About the Author
Joan L. Slonczewski received her B.A. from Bryn Mawr College and her Ph.D. in Molecular Biophysics and Biochemistry from Yale University, where she studied bacterial motility with Robert M. Macnab. After postdoctoral work at the University of Pennsylvania, she went on to teach undergraduate microbiology at Kenyon College, where she has earned a Silver Medal in the National Professor of the Year program of the Council for the Advancement and Support of Education.

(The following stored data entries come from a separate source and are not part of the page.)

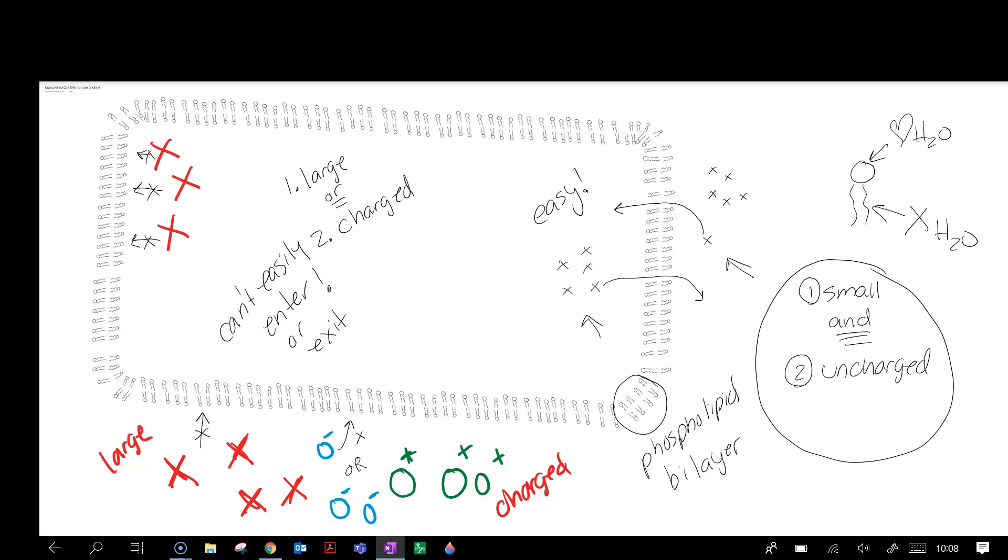The reason we call it the phospholipid bilayer is because it's made up of phospholipids, and there are two that make up the layer—like binoculars or bicycle. Binoculars you use with two eyes, the bicycle has two wheels. So the phospholipid bilayer is what is surrounding this entire cell.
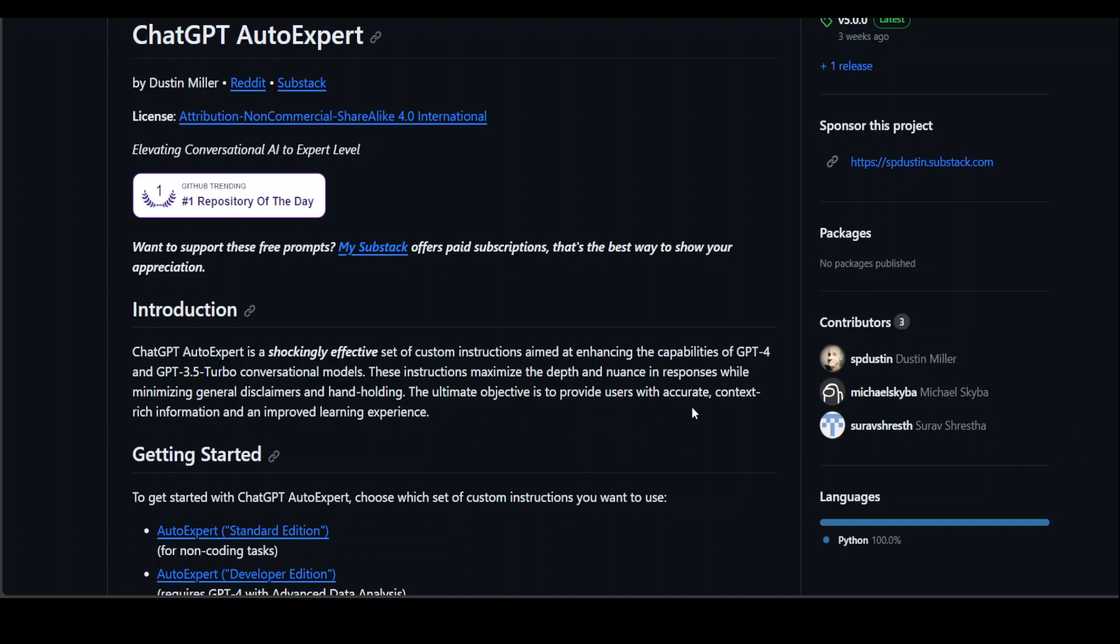I'll drop the link to this GitHub repo in the description so you can follow along. If you want to download or play around with it, or support their project, please do. If you have any comments, please share them. If you like the content, please consider subscribing to the channel. Thank you very much.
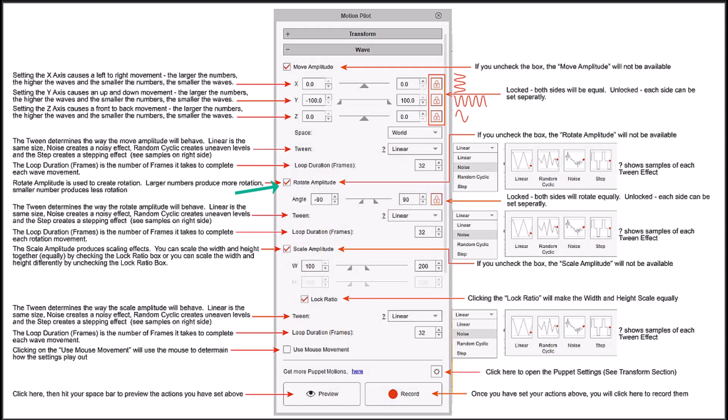The rotate amplitude lets you rotate your objects along with moving them. You can either move them, rotate them, or scale them one at a time, or you can use all three. So this has a multitude of ways that you can learn to use it in your animations to create a faster style of animation. The loop is the speed that it rotates, the number of frames that it takes to complete one wave animation. And the scale allows you to scale your items in and out.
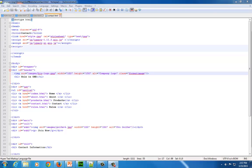Another way to organize information on a page, very similar to the accordion method, is using tab panels. It's really great when your page is constrained on width and height and you have a lot of information to provide. Tab panels can be very useful in showcasing that content.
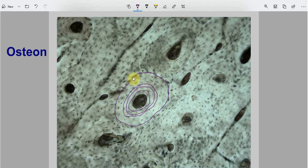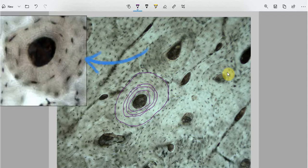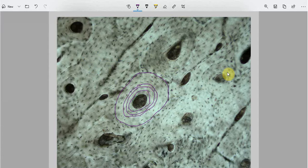This complete set of concentric lamellae is known as an osteon. This is one osteon, this is another osteon. Let me show you a single osteon on higher magnification. This osteon is also known as the Haversian system.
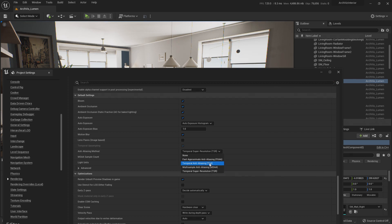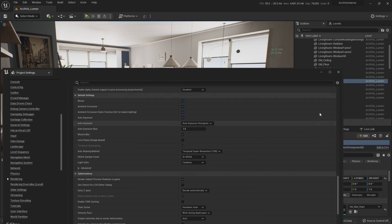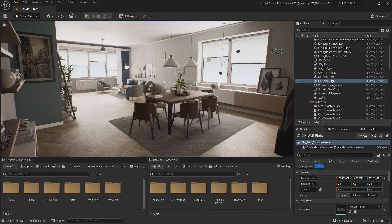Temporal Super Resolution is the replacement for Temporal Anti-Aliasing that Unreal used for a long time in Unreal Engine 4. This new technology allows you to do real-time rescaling with almost unnoticeable loss of quality while gaining a lot of FPS back.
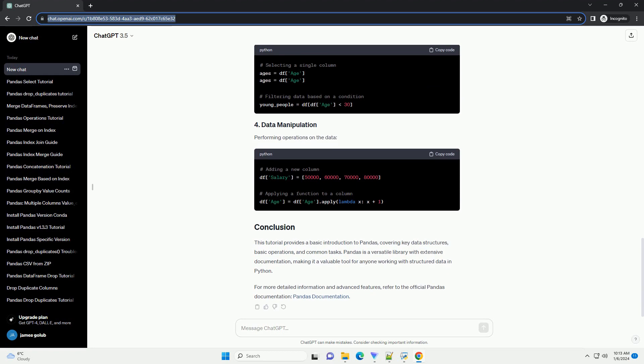Pandas introduces two primary data structures: series and data frame.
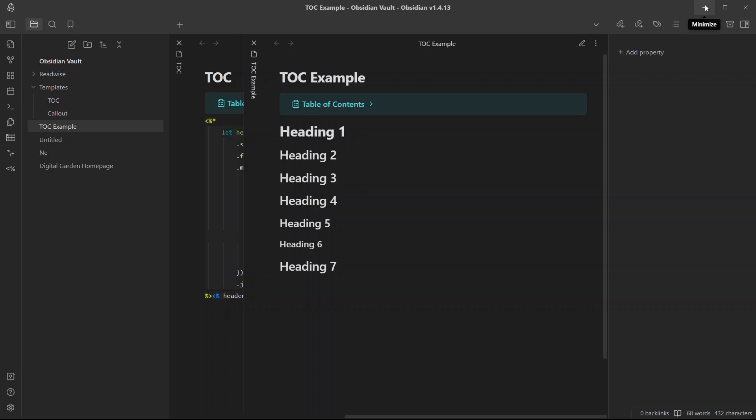So this is a simple example of how you can add table of contents to your nodes in Obsidian with the help of templater script. I hope you found this video useful and this video helps you in some way. If you found this video helpful, please don't forget to like the video and subscribe to the channel because I'll be coming with more Obsidian related content in the future.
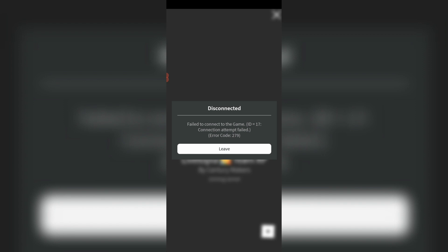Hello guys and welcome back to my YouTube channel Theta Box. Today I got the following error notification while I tried to join a Roblox server. It shows disconnected, failed to connect to the game ID 17, connection attempt failed, and then shows an error code.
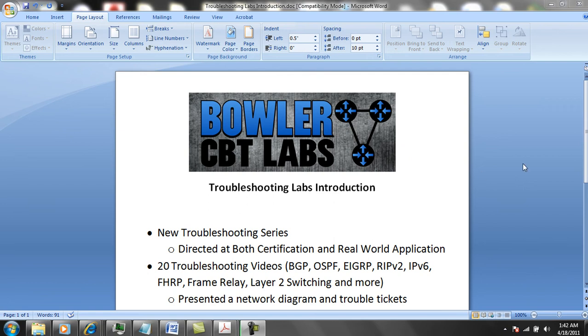Hello, my name is Steve Bowler and welcome to the Troubleshooting Labs introduction. Series 2 provides you with 20 troubleshooting videos directed at both certification and real-world application.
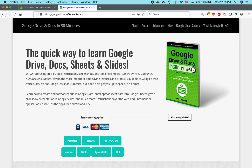I am the founder of In 30 Minutes Guides, including Google Drive and Docs in 30 Minutes, available from In30Minutes.com. Today we're going to be talking about creating a bookmark in a Google Docs document and then linking to it from within the document.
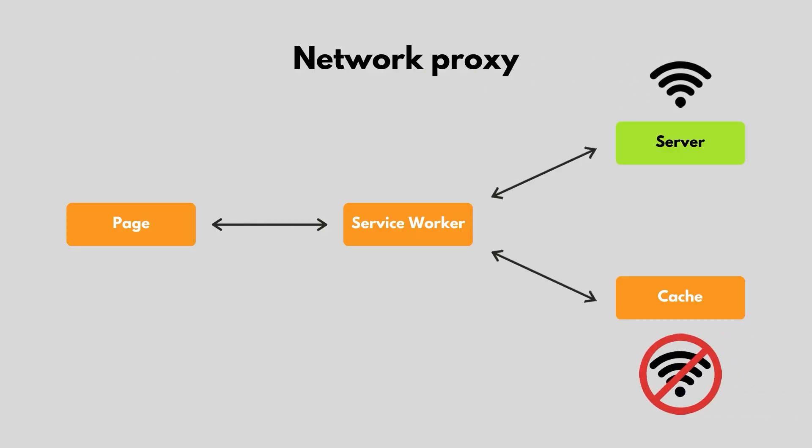The first use case for a Service Worker we'll look at is to provide a network proxy, allowing an app to work while the user is offline. While the app is online, the Service Worker can build the cache of files required for offline access. Then, when the app is offline, the Service Worker can provide cache responses in place of network responses.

She has published numerous research articles with undergraduate coauthors on bacterial pH regulation and is the author of five science fiction novels, including
A Door into Ocean, which earned the John W. Campbell Memorial Award. She served as At-large Member representing Divisions on the Council Policy Committee of the American Society for Microbiology and is a member of the Editorial Board of the journal
Applied and
Environmental Microbiology.
John W. Foster received his B.S. from the Philadelphia College of Pharmacy and Science (now the University of the Sciences in Philadelphia) and his Ph.D. from Hahnemann University (now Drexel University School of Medicine), also in Philadelphia, where he worked with Albert G. Moat. After postdoctoral work at Georgetown University, he joined the Marshall University School of Medicine in West Virginia and is currently teaching at the University of South Alabama College of Medicine in Mobile, Alabama. Dr. Foster has coauthored three editions of the textbook
Microbial Physiology and has published over a hundred journal articles describing the physiology and genetics of microbial stress responses. He has served as Chair of the Microbial Physiology and Metabolism division of the American Society for Microbiology and was a member of the editorial advisory board of the journal
Molecular Microbiology.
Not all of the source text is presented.